There's also two different animations Yuna makes when reporting in at the end, one happy and one sad, depending on whether or not you pressed X to not despair. Neither is entirely appropriate for everything that's just happened, though, especially the happy one, which really plasters over the emotional violation she just went through with Shuyin. Feelings recorded in the dressphere passing to the user notwithstanding, what happened to her would be deeply unsettling, regardless of whatever came after. I combined the two poses in the ending to this update because I think it makes more sense for Yuna to be emotionally turbulent than either happy or sad. Exactly how she's feeling is a complex question, but we'll start digging through it soon enough; there's not much game left, after all.
But let's take a moment to consider female possession as a fantasy and sci-fi plot device. It's not common enough that I'd call it a cliché, or even a trope, but it's a well that's certainly been visited and revisited over the years, and it's one that can be done well or very, very badly.
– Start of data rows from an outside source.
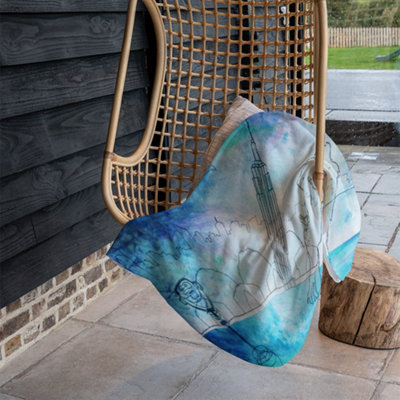 Andrew Lee Love At First Sight (Blanket) / Default Title from B&Q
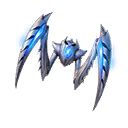 Astral Mantis — Fortnite back bling
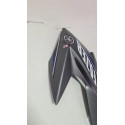 Cafrenagem Aba Tanque Dir Yamaha Fazer 250 11/15 Orig 61377 Cinza-escuro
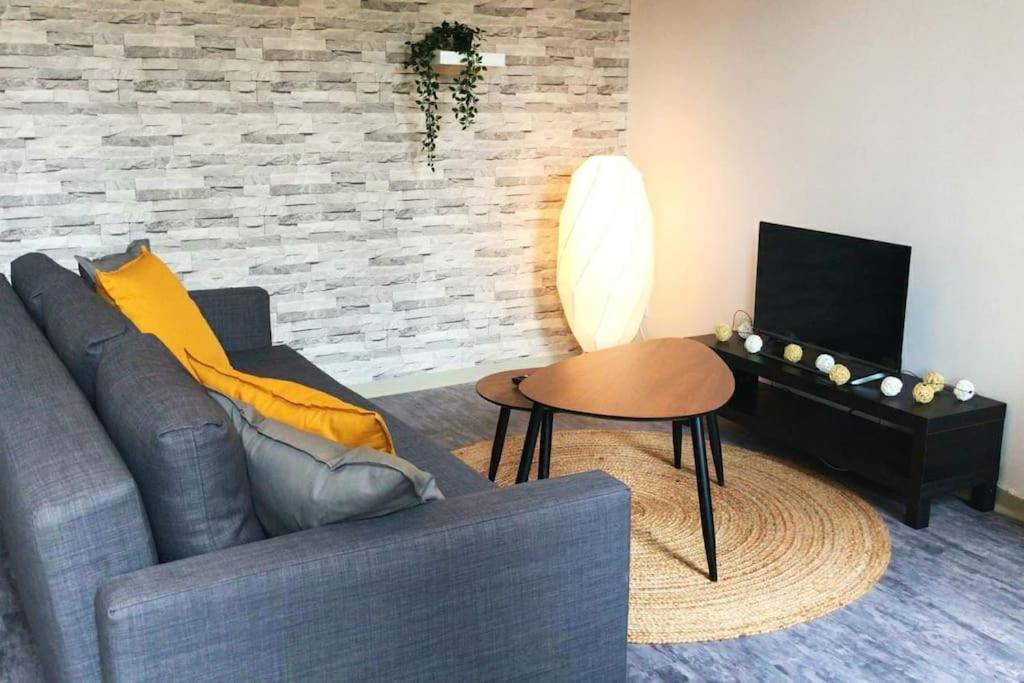T2 Le Sudiste Apartment Valence  Luaran gambar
THAR BE SPOILERS FOR OTHER THINGS AHEAD
The titular example is Star Trek TNG's Deanna Troi, a character with a whole host of problems which can fit under the label of Female Character Written By Males for Male-Dominated Audiences, but being both the show's resident telepath and token female sexuality representative, she also has an unpleasant habit of getting brain raped. The worst examples of this proclivity highlight the two primary reasons why female possession should be used as a plot device sparingly and carefully if you hope to be considered at all feminist. First, it transforms the possessed character into a passive agent, a victim, an arbitrary metric of the successful resolution of the plot. It's a common enough misstep in video games (see: any game involving rescuing a princess or a girlfriend ever) that nobody seems to watch out for it. Second, there's often that underlying connotation that the possessee was possessed due to some fault of their own, that they were not strong-willed enough to resist it or brought it on by risky behavior. Often it gets dressed up in obscurations like the character being particularly resonant to the emotions or brainwaves or whatever of the thing doing the possessing, but often, once you cut through the technobabble, all you've found is a long-winded way of blaming the victim.
Contrast this with what I would propose is an excellent example of the other end of the spectrum, an episode of Buffy the Vampire Slayer from late in its second season. This episode shows the potential of the plot device through its liberal use of role reversal, and not just because the girl ghost possesses the boy and the boy ghost possesses the girl; in the middle of a story arc about one character repeatedly attempting to victimize the other, a victimized ghost possesses the aggressor, relives her victimization, and then forgives. It's poignant and powerful, but most of all it works because it forces each character to experience, for a moment, what's going on in the other's head, and that experience is realistically both difficult to understand and weirds them the fuck out.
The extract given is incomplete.